There are two key personalities that inspired the formation of The Guild, Harry W. Whanslaw, and Gerald Morice. Harry Whanslaw, more affectionately known as Whanny, was one of the most prolific illustrators of books, mostly of an educational nature, in the early twentieth century.
Ebay, recently offered four original pen an ink drawings, illustrations for ‘A History of The British Isles’, signed and dated 1914. Not only do they demonstrate his remarkable skills as an illustrator, they also show his ability to capture the movement of his subjects and the atmosphere of the settings that surround them, they also make you realise the volume of knowledge of historical accuracy in the detail.
Having a substantial volume of original drawings, illustrations and paintings, notebooks and a number of his research books, it is fascinating to recognise the level of detailed research undertaken by him and other illustrators of the period. His skills were not only demonstrated in terms of visual imagery, but also in his writing; reading his books is still a joy, and they are as fresh and lively as ever. His numerous illustrated articles for ‘Chatterbox‘, are an inspiration.
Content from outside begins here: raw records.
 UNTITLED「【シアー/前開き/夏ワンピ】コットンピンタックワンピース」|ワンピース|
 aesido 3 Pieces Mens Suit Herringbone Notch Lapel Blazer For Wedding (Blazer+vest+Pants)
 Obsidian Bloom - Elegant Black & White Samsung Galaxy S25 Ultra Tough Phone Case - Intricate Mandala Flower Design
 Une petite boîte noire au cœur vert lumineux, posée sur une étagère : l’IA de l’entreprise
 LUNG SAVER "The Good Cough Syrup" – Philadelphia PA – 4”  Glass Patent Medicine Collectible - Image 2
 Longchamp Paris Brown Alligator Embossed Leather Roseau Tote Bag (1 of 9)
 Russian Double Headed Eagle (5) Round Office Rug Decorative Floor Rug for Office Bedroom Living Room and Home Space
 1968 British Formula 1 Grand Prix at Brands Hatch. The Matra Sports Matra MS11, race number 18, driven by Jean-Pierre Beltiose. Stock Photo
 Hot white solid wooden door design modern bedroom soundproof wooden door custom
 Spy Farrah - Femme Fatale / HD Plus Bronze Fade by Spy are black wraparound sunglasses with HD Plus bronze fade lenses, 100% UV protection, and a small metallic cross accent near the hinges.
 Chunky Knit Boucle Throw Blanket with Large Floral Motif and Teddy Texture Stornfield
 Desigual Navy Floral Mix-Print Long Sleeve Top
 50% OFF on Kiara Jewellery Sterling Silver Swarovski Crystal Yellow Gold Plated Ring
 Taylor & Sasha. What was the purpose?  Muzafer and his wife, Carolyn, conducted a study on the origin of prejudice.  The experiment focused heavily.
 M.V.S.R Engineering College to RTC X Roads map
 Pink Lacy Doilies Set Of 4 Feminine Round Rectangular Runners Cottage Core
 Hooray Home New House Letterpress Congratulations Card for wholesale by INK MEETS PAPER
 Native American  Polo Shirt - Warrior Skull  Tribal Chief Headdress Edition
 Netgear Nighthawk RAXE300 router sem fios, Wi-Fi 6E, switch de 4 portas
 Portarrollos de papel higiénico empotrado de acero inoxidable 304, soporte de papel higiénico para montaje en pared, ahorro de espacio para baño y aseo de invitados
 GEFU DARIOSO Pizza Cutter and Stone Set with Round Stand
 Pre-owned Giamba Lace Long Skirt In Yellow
Like so many talented artists, Whanny loved the popular arts which informed and inspired so many ideas, not the least the puppet theatre and the juvenile drama. Whanny was fortunate to see a number of the family travelling marionette theatres, and he regularly spent precious time and money in the great street markets of London, where he bought any item of curiosity. It was always a great joy to be left in his studio, a real ‘cabinet of curiosities’. to sort through the vast amounts of oddities that were everywhere. In the corner of his studio was the proscenium of ‘The Studio Theatre’ cut through the wall into a box room that housed the stage and hanging rails for the marionettes
Perhaps the most significant of his works was the ‘Chatterbox Annual’, published in 1923, that contained his illustrated items throughout it, with the title ‘The Toy That Never Grows Old’. The popularity of this led to the publication of the book that inspired so many model theatre enthusiasts, including myself ’Everybody’s Theatre’.
Very little is known about Whanny’s early life, and I am always searching for material and anecdotes, and would be grateful for any items. It would be interesting to know more about which art school he attended in London, and when and what he exhibited at The Royal Academy.